EX-99 3 r8k_20080815exh991.htm STIFEL PRESS RELEASE AUGUST 15, 2008 For further information contact:

 

 

STIFEL FINANCIAL CORP.
Form 8-K Dated August 15, 2008
Exhibit 99.1: Press Release

[Stifel Financial Corp. logo] Stifel Financial News

One Financial Plaza
501 North Broadway
St. Louis, MO 63102
(314) 342-2000

For further information contact:

            James M. Zemlyak, Chief Financial Officer

            (314) 342-2228 zemlyakj@stifel.com

For Immediate Release

Stifel Financial Corp. Reports Contingent Payment

 

St. Louis, Missouri - August 15, 2008 - Stifel Financial Corp. (NYSE: "SF") (the Company) announced today that it has issued 233,500 shares of it $0.15 par value common stock to BancAtlantic Bancorp, Inc. (NYSE: "BBX") for an advance of the Private Client Contingent Payment (PCCP) as additional consideration for the purchase of Ryan Beck Holdings, Inc., which the Company acquired on February 28, 2007. The Company agreed to prepay $10 million of the estimated $23 million PCCP, based upon annualized revenue production to date, which is due and payable after the two year earn out period ending February 28, 2009.  The Company has elected to make the payment in shares in lieu of cash.

Company Information

Stifel Financial Corp. operates 184 offices in 31 states and the District of Columbia through its principal subsidiary, Stifel Nicolaus and Company, Inc., and 3 European offices through Stifel Nicolaus Limited. Stifel Nicolaus provides securities brokerage, investment banking, trading, investment advisory, commercial and retail banking and related financial services to individual investors, professional money managers, businesses, and municipalities. Stifel Bank & Trust offers a full range of consumer and commercial lending solutions. To learn more about Stifel, please visit the Company's web site at www.stifel.com.

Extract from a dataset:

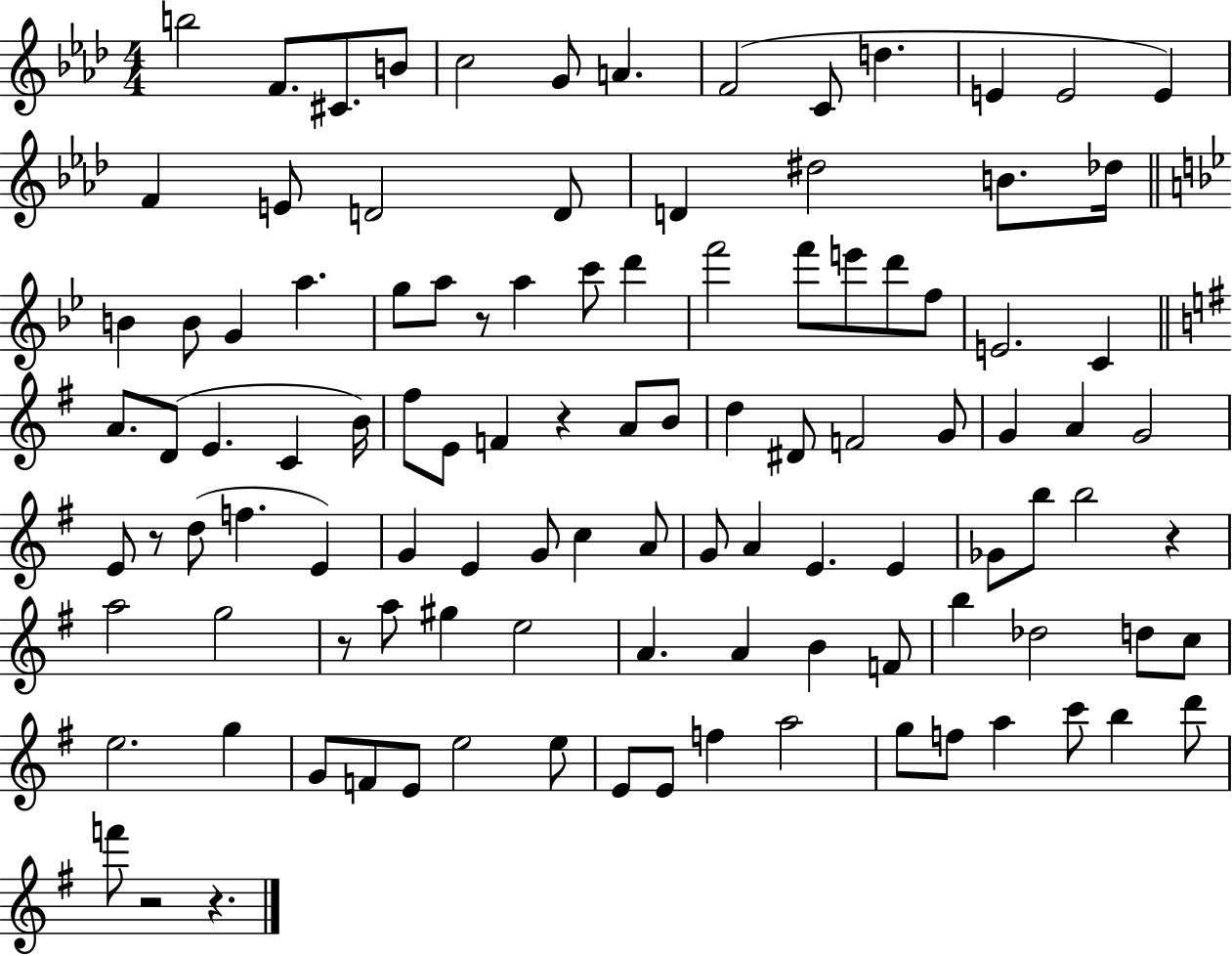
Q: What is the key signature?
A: AES major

Forward-Looking Statements

This press release contains certain statements that may be deemed to be "forward-looking statements" within the meaning of Section 27A of the Securities Act of 1933 and Section 21E of the Securities Exchange Act of 1934.  All statements in this press release not dealing with historical results are forward-looking and are based on various assumptions.  The forward-looking statements in this press release are subject to risks and uncertainties that could cause actual results to differ materially from those expressed in or implied by the statements.  Factors that may cause actual results to differ materially from those contemplated by such forward-looking statements include, among other things, the following possibilities:  the ability to successfully integrate the acquired companies; a material adverse change in the financial condition,; the risk of borrower, depositor and other customer attrition; a change in general business and economic conditions; changes in the interest rate environment, deposit flows, loan demand, real estate values, and competition; changes in accounting principles, policies or guidelines; changes in legislation and regulation; other economic, competitive, governmental, regulatory, geopolitical, and technological factors affecting the companies' operations, pricing, and services; and other risk factors referred to from time to time in filings made by Stifel with the Securities and Exchange Commission.  Forward-looking statements speak only as to the date they are made.  Stifel does not undertake to update forward-looking statements to reflect circumstances or events that occur after the date the forward-looking statements are made. Stifel disclaims any intent or obligation to update these forward-looking statements.